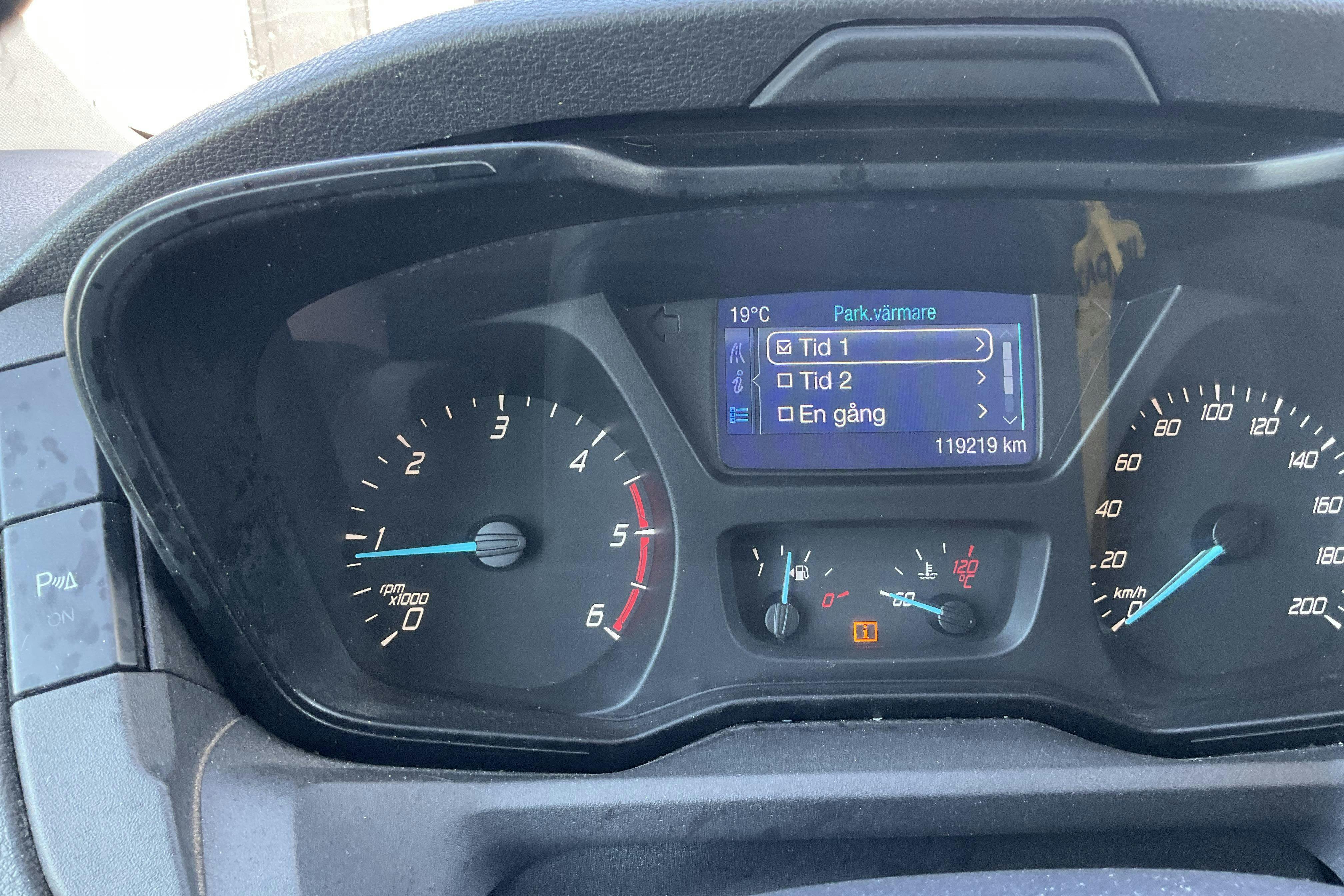 Vehicle Image 13
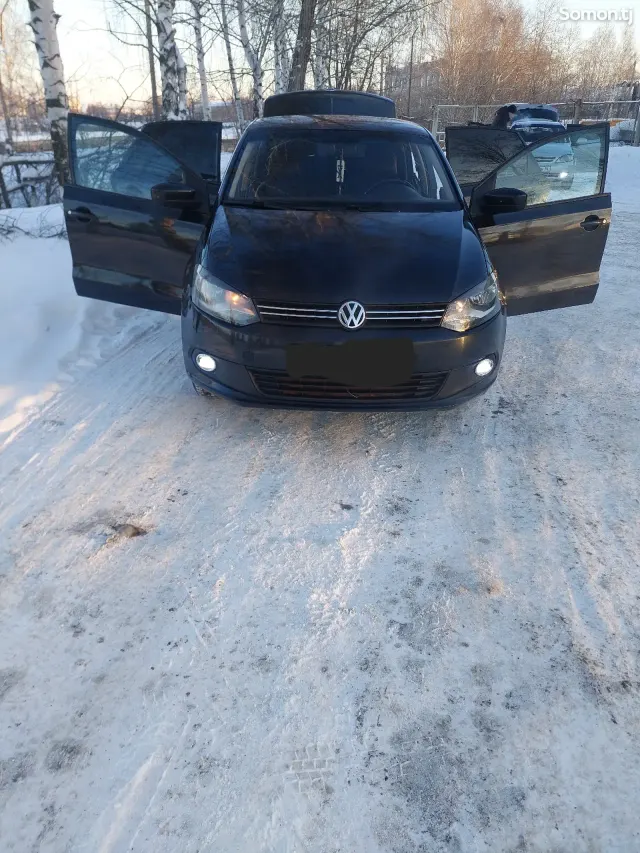 Volkswagen Polo 2013 · 1.6 MT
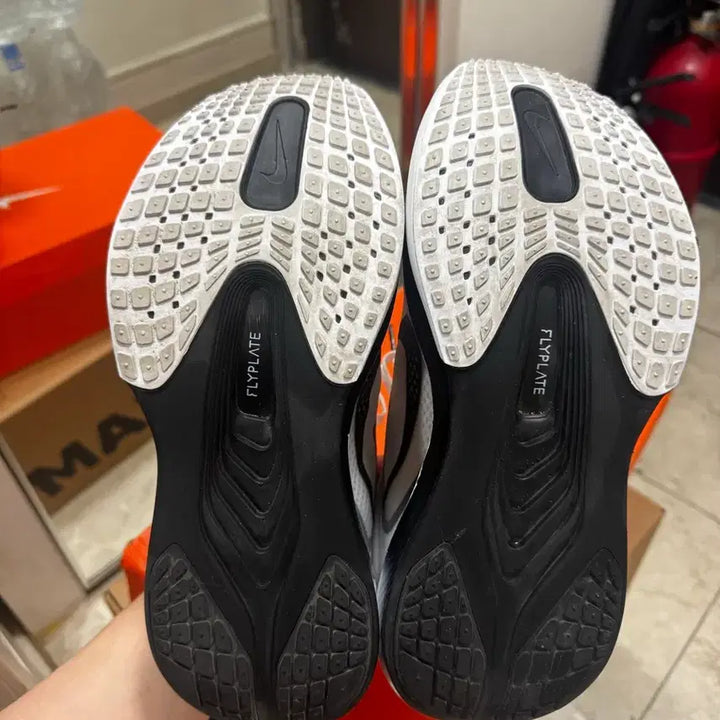 [BUNJANG] Nike Zoom Fly 6 White/Black Running Shoes / 나이키 줌 플라이 6 화이트/블랙 265 사이즈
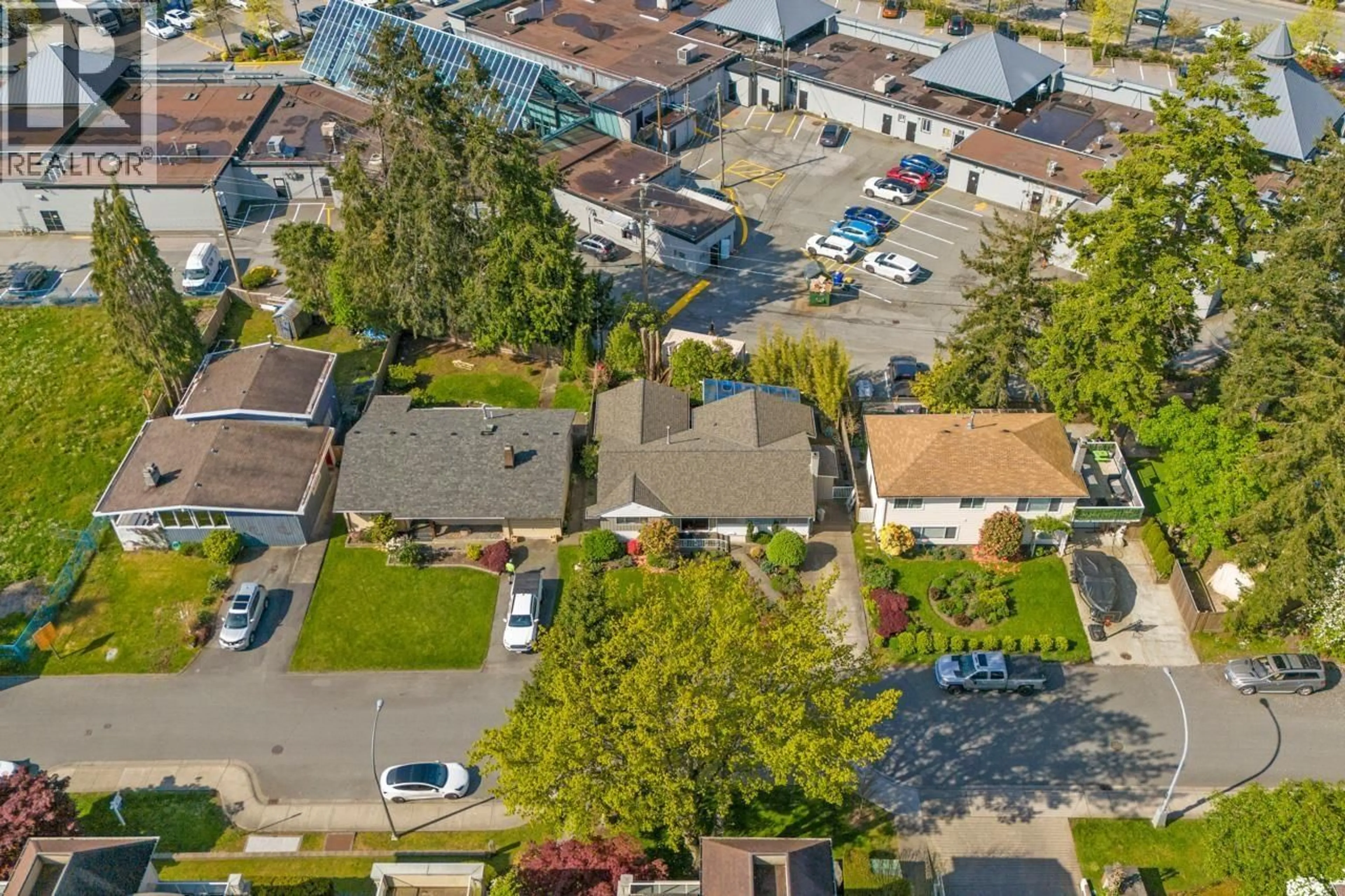A pic from outside/outdoor area/front of a property/back of a property/a pic from drone, street for 1253 HUNTER ROAD, Delta British Columbia V4L1Y9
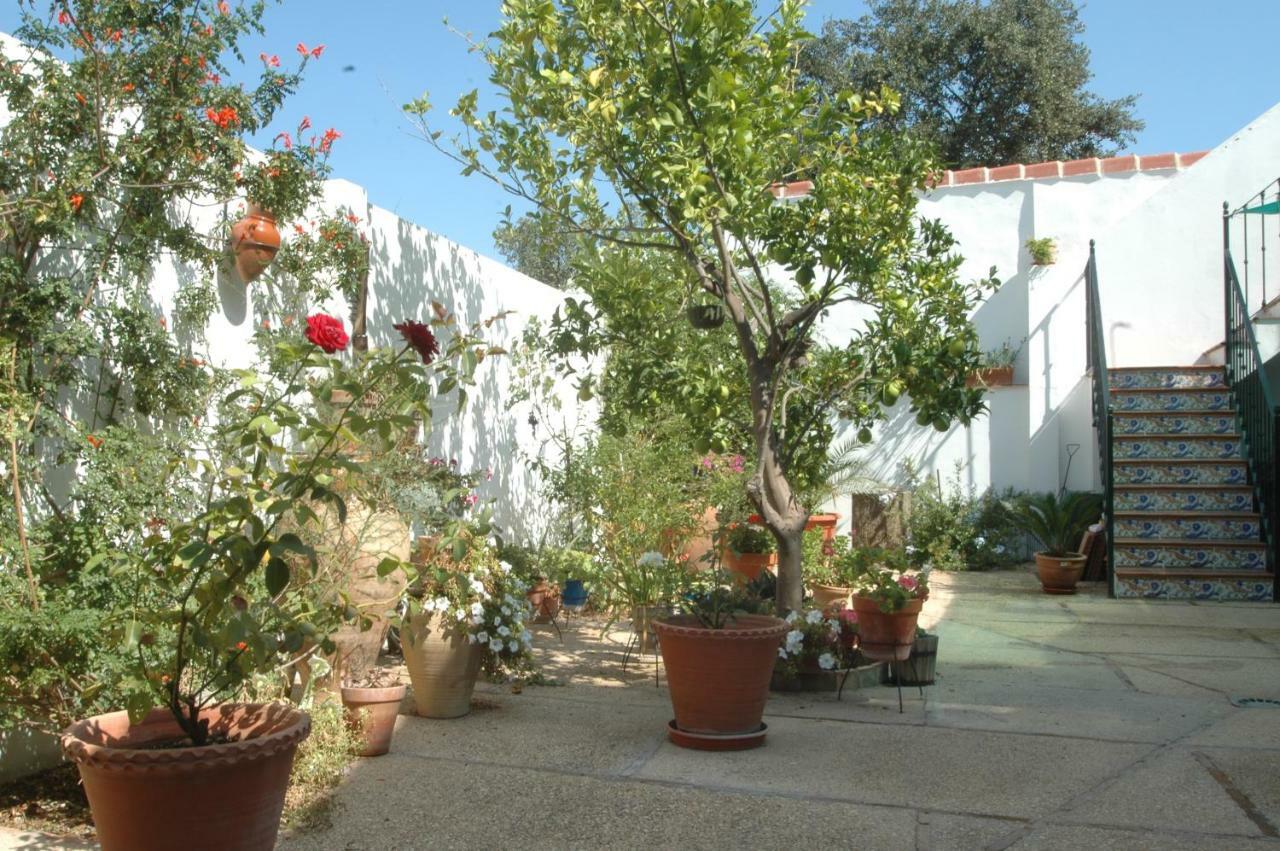 El Romerito Guest House Zalamea la Real Luaran gambar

◆ What needs to be done
Only lines go in the copy, not pictures. Transcribe exactly from the start of the listing through the line containing "A pic from outside/outdoor".

◆ Written answer
 Vehicle Image 13
 Volkswagen Polo 2013 · 1.6 MT
 [BUNJANG] Nike Zoom Fly 6 White/Black Running Shoes / 나이키 줌 플라이 6 화이트/블랙 265 사이즈
A pic from outside/outdoor area/front of a property/back of a property/a pic from drone, street for 1253 HUNTER ROAD, Delta British Columbia V4L1Y9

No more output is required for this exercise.